Optimizing Table Scanning

Principle​

Doris, as a high-performance real-time analytics data warehouse, offers a powerful partition pruning feature that can significantly enhance query performance.

Partition pruning is a query optimization technique that intelligently identifies partitions relevant to a query by analyzing its conditions, and scans only the data within these partitions, thereby avoiding unnecessary scans of irrelevant partitions. This approach can greatly reduce I/O operations and computational load, thus accelerating query execution.

Use Case​

Here is a usage case to demonstrate Doris's partition pruning feature.

Suppose we have a sales data table named sales, which is partitioned by date, with each day's data stored in a separate partition. The table structure is defined as follows:

CREATE TABLE sales (
date DATE,
product VARCHAR(50),
amount DECIMAL(10, 2)
)
PARTITION BY RANGE(date) (
PARTITION p1 VALUES LESS THAN ('2023-01-01'),
PARTITION p2 VALUES LESS THAN ('2023-02-01'),
PARTITION p3 VALUES LESS THAN ('2023-03-01'),
PARTITION p4 VALUES LESS THAN ('2023-04-01')
)
DISTRIBUTED BY HASH(date) BUCKETS 16
PROPERTIES
(
"replication_num" = "1"
);

Now, we need to query the total sales amount between January 15, 2023 and February 15, 2023. The query statement is as follows:

SELECT SUM(amount) AS total_amount
FROM sales
WHERE date BETWEEN '2023-01-15' AND '2023-02-15';

For the above query, Doris's partition pruning optimization process is as follows:

  1. Doris intelligently analyzes the partition column date in the query conditions and identifies the date range of the query as being between '2023-01-15' and '2023-02-15'.

  2. By comparing the query conditions with the partition definitions, Doris precisely locates the range of partitions that need to be scanned. In this example, only partitions p2 and p3 need to be scanned, as their date ranges fully cover the query conditions.

  3. Doris automatically skips partitions unrelated to the query conditions, such as p1 and p4, avoiding unnecessary data scans and thereby reducing I/O overhead.

  4. Finally, Doris performs data scanning and aggregation computations only within partitions p2 and p3, quickly obtaining the query results.

By using the EXPLAIN command, we can view the query execution plan and confirm that Doris's partition pruning optimization has taken effect. In the execution plan, the partition attribute of the OlapScanNode node will display the actually scanned partitions as p2 and p3.

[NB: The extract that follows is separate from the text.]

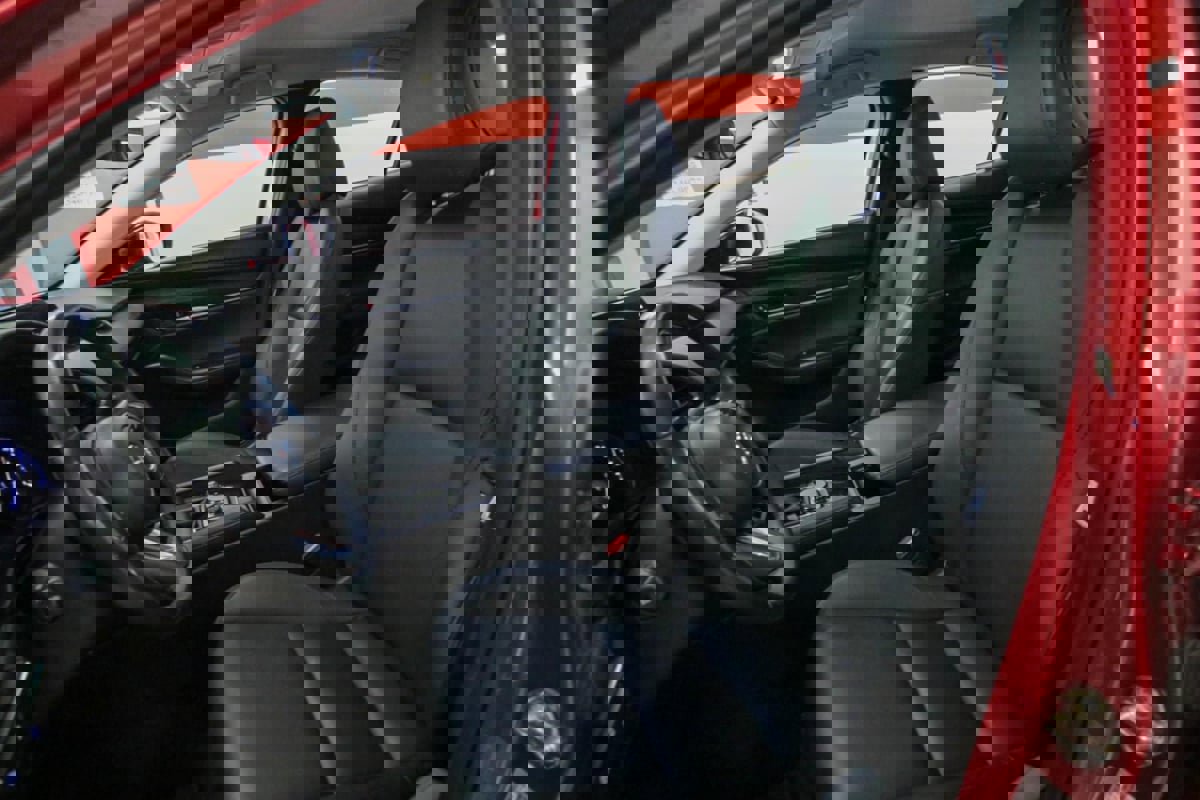 Used 2024 MAZDA MAZDA3 s image 11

|   0:VOlapScanNode(212)                                                     |
| TABLE: cir.sales(sales), PREAGGREGATION: ON |
| PREDICATES: (date[#0] >= '2023-01-15') AND (date[#0] <= '2023-02-15') |
| partitions=2/4 (p2,p3) |

Summary​

In summary, Doris's partition pruning feature can intelligently identify the relevance between query conditions and partitions, automatically prune irrelevant partitions, and scan only necessary data, thereby significantly enhancing query performance. Reasonable utilization of the partition pruning feature can help users build efficient real-time analytics systems and easily handle massive data query demands.